2008年冬CCS特集:アフィニティサイエンス

CCS関連ラインアップ拡充、高速DFT計算環境で実績

 2008.12.04−アフィニティサイエンスは、海外のユニークな技術系ソフトを紹介しているが、CCS関連でもウィーン工科大学で開発された密度汎関数法ソフト「WIEN2k」、オーストリアのインテル・リガンド社のファーマコフォアモデリングソフト「LigandScout」とファーマコフォアデータベース、伊タレッタのディスクリプター計算ツール「DRAGON」とモデル構築ツール「MobyDigs」、イスラエルのシナジックス社の化学教育ソフト「モレキュラーコンセプター」など、ラインアップを広げている。

 とくに、評価が高いのがWIEN2k。これは、密度汎関数法(DFT)をベースにした固体の電子構造計算プログラムで、世界で1,400以上の導入実績がある。高精度なバンド構造計算が可能で、平面波法に局在軌道を拡張したAPW+lo法を採用していることが特徴となっている。K点分割およびMPI方式での並列処理に対応しているなど、高速な計算機環境をフルに活用できる。

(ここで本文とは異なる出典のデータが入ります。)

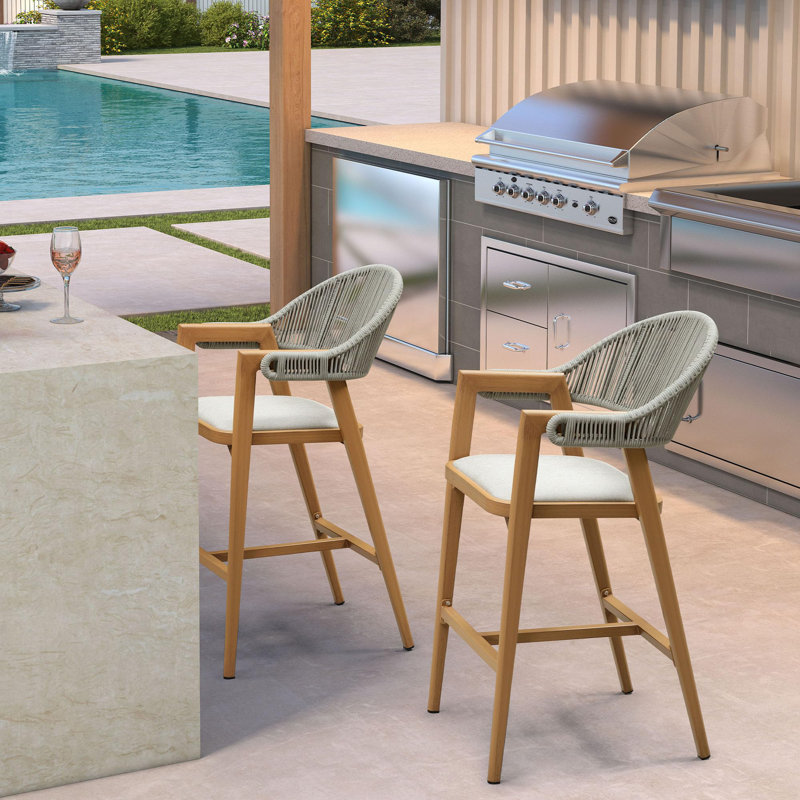  Ensemble de 2 tabourets de bar pour patio avec structure en aluminium, Teck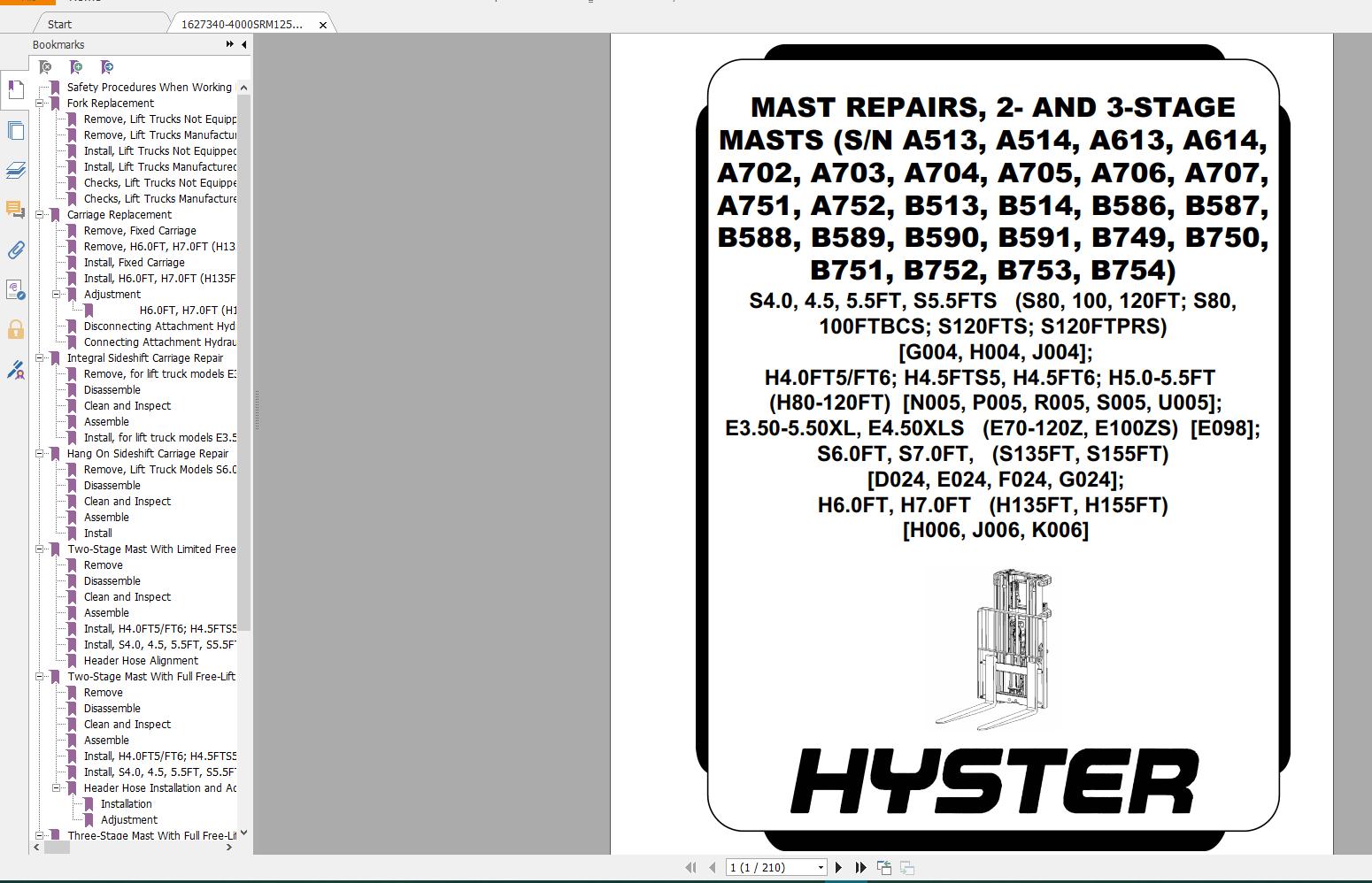 Hyster Forklift Claas 1 Electric Motor Rider Trucks Repair Manuals8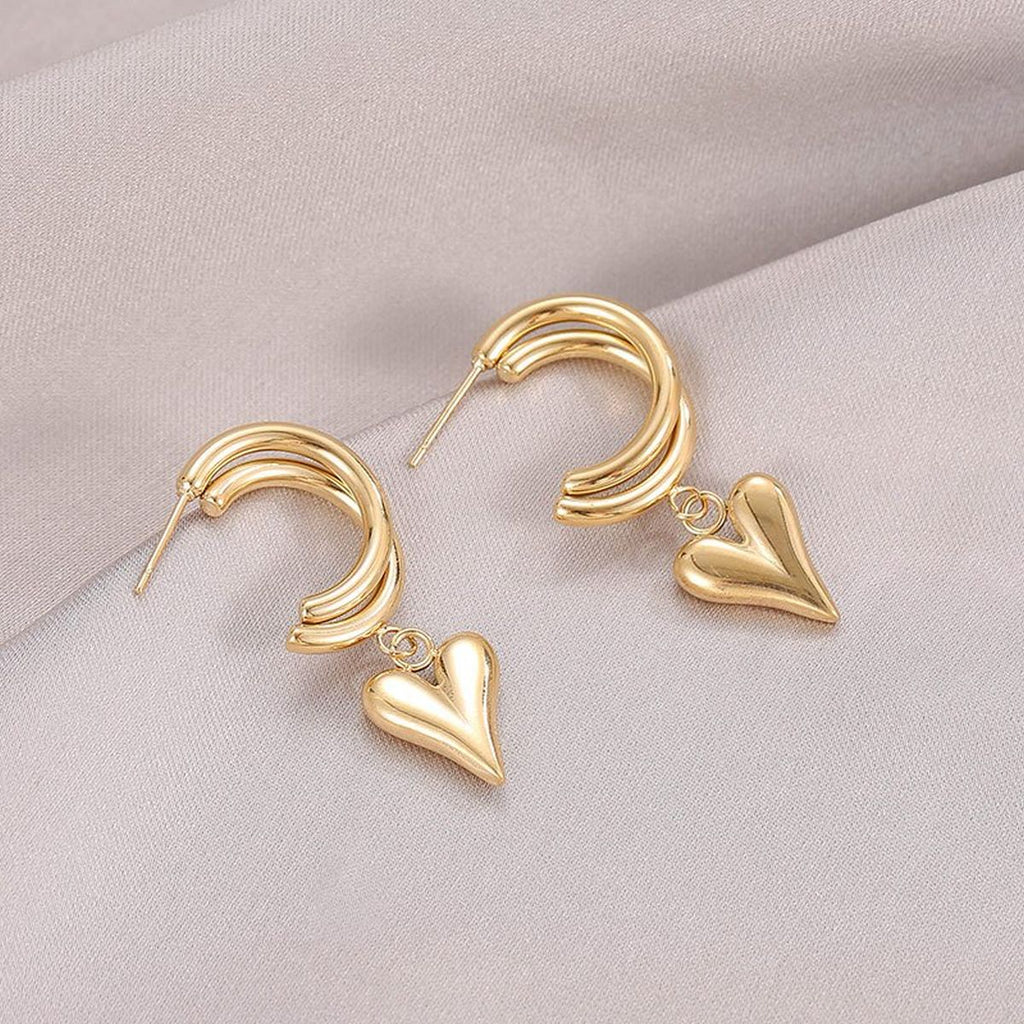 Love Heart Glossy Silver 18k Gold Dangling Hoop Earring for Women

 競合製品よりも大幅に低価格で、一般向けで約90万円、教育機関は約8万円でサイトライセンスを取得できるため、多くの引き合いが寄せられている。

 ただ、UNIX/Linux向けのソースコードでの提供であるためにインストールの敷居が高い。また、並列化手法の調整にも若干の専門知識が必要とされる。そこで、同社ではコンサルテーションなどのサービスを含めたかたちでの販売に力を入れている。マルチコア/マルチプロセッサーやPCクラスター環境で利用したいという注文も多いことから、ハードベンダーとのアライアンスも検討中だという。

 そのほかの製品では、統計解析ソフトの「Aabel」がバージョンアップされた。MacOSX上で利用できる多機能型の探索的データ解析ソフトで、240種類以上の科学グラフ・主題地図作成機能を持つ。いろいろな用途で活用できる汎用的なソフトだが、情報化学分野での応用も図りたいとしている。